● WORK ITEM: Your reply should contain only the line with "Porolono sėdmaišis Snug" and the lines after it through the end of the data, each written out exactly.

● GIVEN DATA:

--- --- ---

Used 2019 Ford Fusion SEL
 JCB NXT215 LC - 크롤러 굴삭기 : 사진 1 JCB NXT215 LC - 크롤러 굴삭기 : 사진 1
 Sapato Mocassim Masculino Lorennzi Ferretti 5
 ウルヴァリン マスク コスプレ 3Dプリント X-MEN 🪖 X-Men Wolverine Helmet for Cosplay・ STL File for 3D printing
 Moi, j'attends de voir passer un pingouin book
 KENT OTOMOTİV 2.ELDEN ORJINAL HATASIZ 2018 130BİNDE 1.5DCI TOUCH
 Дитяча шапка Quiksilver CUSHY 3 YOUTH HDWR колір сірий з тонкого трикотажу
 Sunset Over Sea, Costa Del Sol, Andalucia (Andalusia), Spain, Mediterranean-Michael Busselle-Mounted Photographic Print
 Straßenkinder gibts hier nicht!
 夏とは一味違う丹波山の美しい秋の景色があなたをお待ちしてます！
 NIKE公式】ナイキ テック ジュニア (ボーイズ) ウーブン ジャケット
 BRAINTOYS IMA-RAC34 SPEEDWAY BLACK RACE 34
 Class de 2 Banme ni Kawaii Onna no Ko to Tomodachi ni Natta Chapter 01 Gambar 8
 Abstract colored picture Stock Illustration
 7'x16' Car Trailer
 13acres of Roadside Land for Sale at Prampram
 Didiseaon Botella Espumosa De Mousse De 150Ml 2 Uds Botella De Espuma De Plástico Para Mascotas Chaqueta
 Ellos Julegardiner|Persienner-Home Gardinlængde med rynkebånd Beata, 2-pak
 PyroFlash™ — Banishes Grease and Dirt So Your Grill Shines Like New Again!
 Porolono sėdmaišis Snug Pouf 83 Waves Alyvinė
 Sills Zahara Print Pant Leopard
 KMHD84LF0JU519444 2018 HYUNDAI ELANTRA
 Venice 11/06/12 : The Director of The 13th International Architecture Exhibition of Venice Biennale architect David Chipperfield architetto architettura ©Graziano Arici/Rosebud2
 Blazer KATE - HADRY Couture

--- --- ---

● EXERCISE RESPONSE:
 Porolono sėdmaišis Snug Pouf 83 Waves Alyvinė
 Sills Zahara Print Pant Leopard
 KMHD84LF0JU519444 2018 HYUNDAI ELANTRA
 Venice 11/06/12 : The Director of The 13th International Architecture Exhibition of Venice Biennale architect David Chipperfield architetto architettura ©Graziano Arici/Rosebud2
 Blazer KATE - HADRY Couture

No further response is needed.